■ SOURCE MATERIAL ■
****************************************
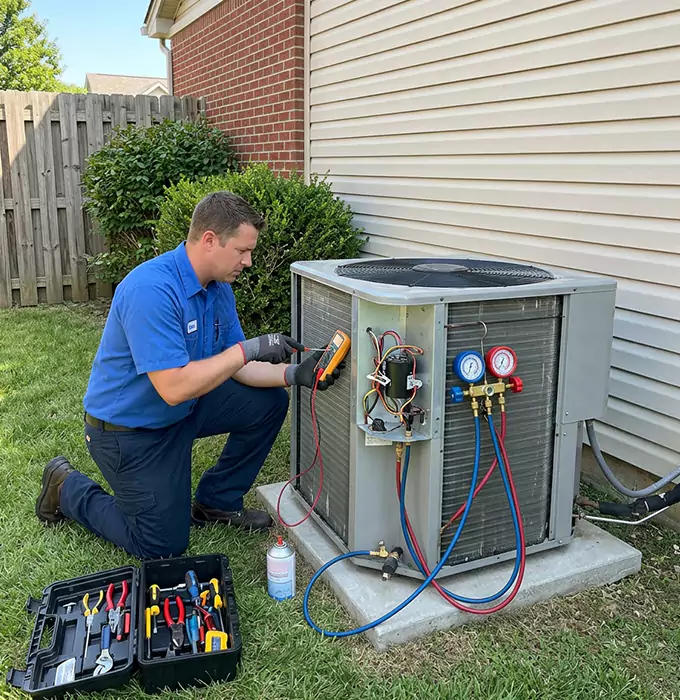 Why Fort Mill, SC Homeowners Trust Fort Mill AC Repair With AC Wiring?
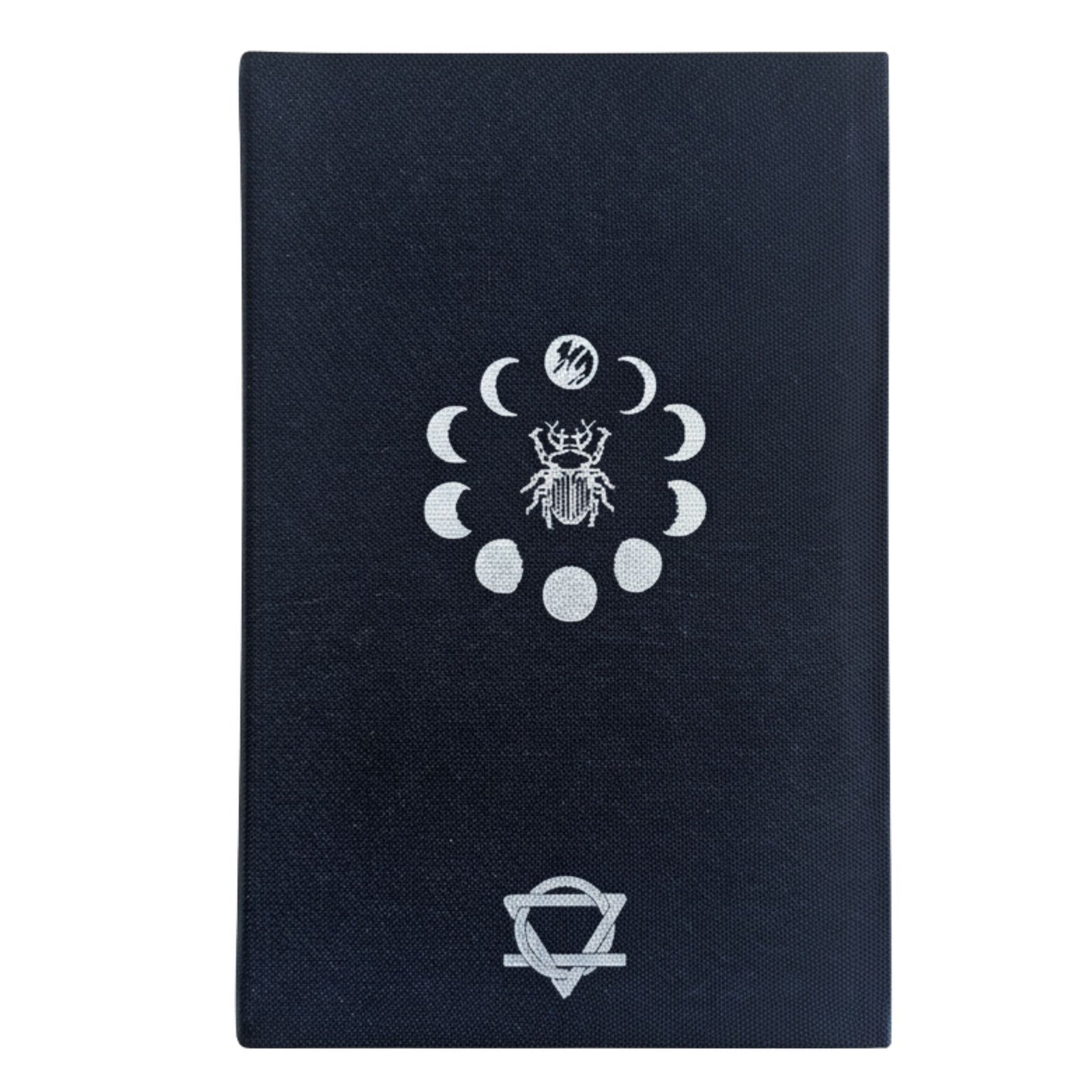 Black Gratitude Journal with Silver Lining - 120 pages - I am Thankful For product image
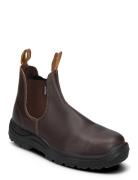 Bl 122 Xtreme Safety Boot Støvlet Chelsea Boot Brown Blundst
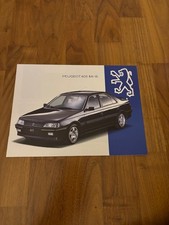 Peugeot 405 MI16 Prospekt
****************************************
■ WHAT THIS TASK INVOLVES ■
From the line containing "Black Gratitude Journal" to the end of the listing, restate each line word for word and nothing more; the pictures stay out.

■ RESPONSE TO THIS EXERCISE ■
 Black Gratitude Journal with Silver Lining - 120 pages - I am Thankful For product image
 Bl 122 Xtreme Safety Boot Støvlet Chelsea Boot Brown Blundst
 Peugeot 405 MI16 Prospekt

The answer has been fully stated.